Nsight Systems revealed that the initial optimizations alleviated CPU overhead, and further improvements require kernel optimization. The terminal_decode kernel implementing a range decoder is noteworthy. Nsight Compute highlighted previously noncritical microarchitectural constraints. The following algorithmic issues were highlighted: typical low-level inefficiencies such as low streaming SM occupancy, warp divergence, noncoalesced memory accesses, and register pressure. These insights are essential for developers to then eliminate or minimize these algorithmic issues where possible.

The Nsight Compute source heatmap and Warp Stall Sampling (All Samples) highlight measured time spent per individual source line. They show that significant time is spent on integer divisions in the range update logic (Figure 5). Since GPUs are not optimized for integer division and accuracy is non-negotiable, these operations cannot be optimized.

A screenshot of Nsight Compute showing three lines of source code on the left, each associated with warp stall sampling (all samples), and (not-issued samples.) The source code lines containing integer divisions have a large green and purple bar associated next to it, also a percentage of 11% in both cases. This indicates that a lot of the algorithm time is spent there.

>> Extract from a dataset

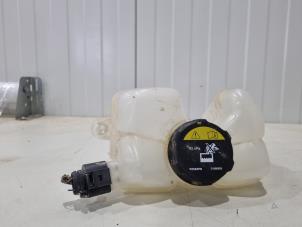 Gebruikte Koelwater Reservoir Volvo S90 II 2.0 T8 Twin Engine 16V AWD Prijs € 14,00 Margeregeling aangeboden door GEJO Revisie & Onderdelen BV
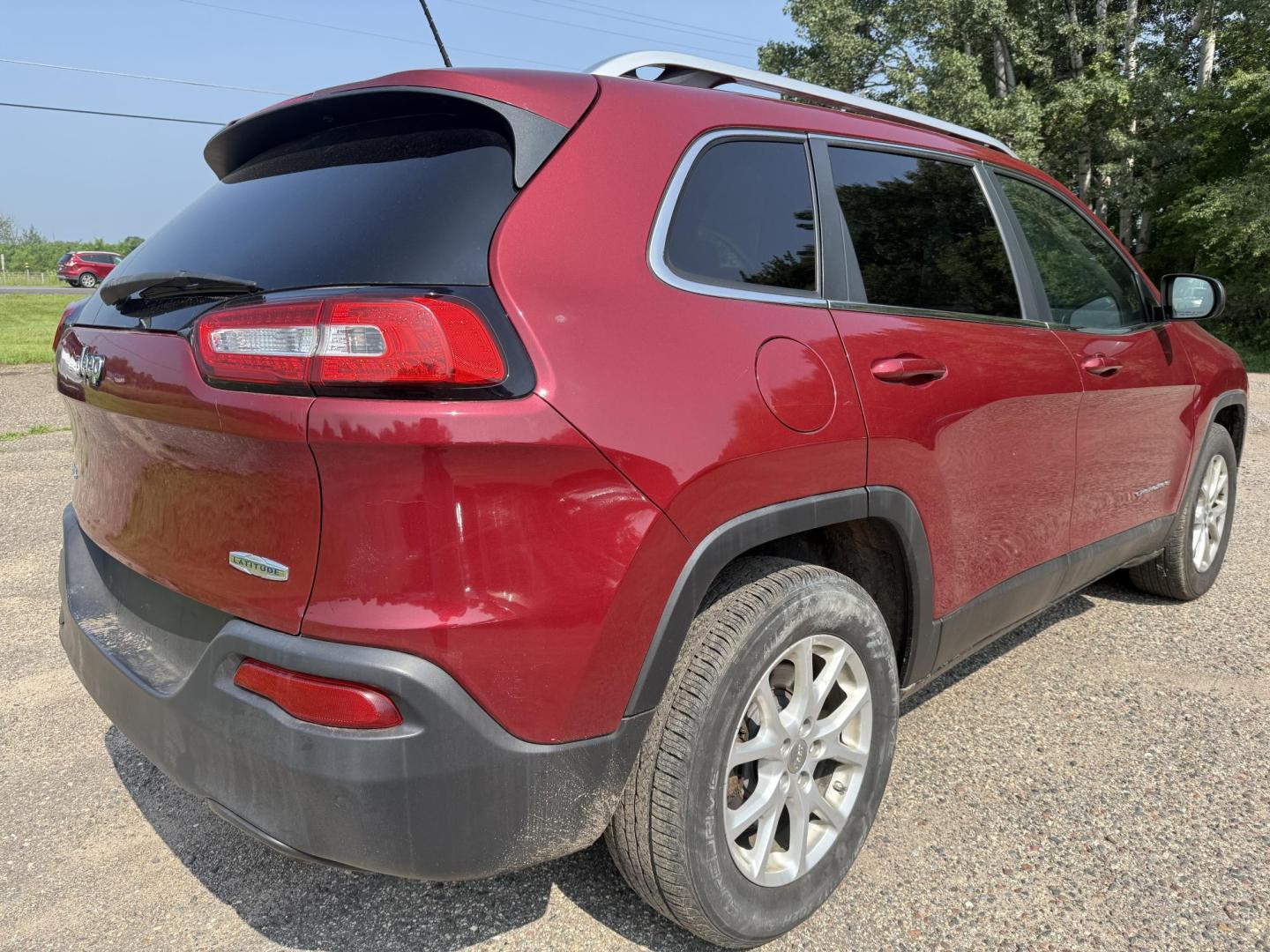 2014 Jeep Cherokee Latitude 4WD (1C4PJMCS1EW) with an 3.2L V6 DOHC 24V engine, 9-Speed Automatic transmission, located at 17255 hwy 65 NE, Ham Lake, MN, 55304, 0.000000, 0.000000 - Photo#4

Figure 5. Range decoder updates show that significant time is spent in integer divisions

For the decoder table lookup, implemented as binary search on shared memory, Nsight Compute also revealed significant short scoreboard stalls (Figure 6).

An Nsight Compute screenshot, this time source code lines and stall reasons in relation to SASS-instructions, the latter including a scoreboard dependency graphic. The scoreboard dependencies show that some SASS machine instruction lines are dependent on previous operations. In this case, two lines need to wait for an LDS instruction to finish. This results in an execution stall, as the load needs to be finished before the execution can continue.

Figure 6. Short scoreboard stalls (pink) on the left, scoreboard dependencies for LDS (load shared memory) operations (right)

These stalls point to shared memory loads (LDS in Figure 6), as dynamic indexing into a local array would otherwise result in slow local memory access. Because the lookup tables are constant in size, it is possible to replace this approach with a local variable and an unrolled loop. Compared to the binary search, this exhaustive search enables constant indexing into a fixed-size array that can reside in registers. The combination of these two changes applied to both range decoders produced a ~20% speedup of this kernel.

Two side-by-side images showing a subset of the memory hierarchy diagram of Nsight Compute. This shows data the kernel consumes, for example directly from global, local and shared memory, and then also from L1/Tex Cache. Two versions are shown, before and after. In the before, the kernel reads from shared, global and local memory, in the after, it avoids reading from shared and local memory, only reading from global memory. For the L1 cache, the hitrate also goes up (9.4% vs 71.77%), indicating that this path is leveraged more.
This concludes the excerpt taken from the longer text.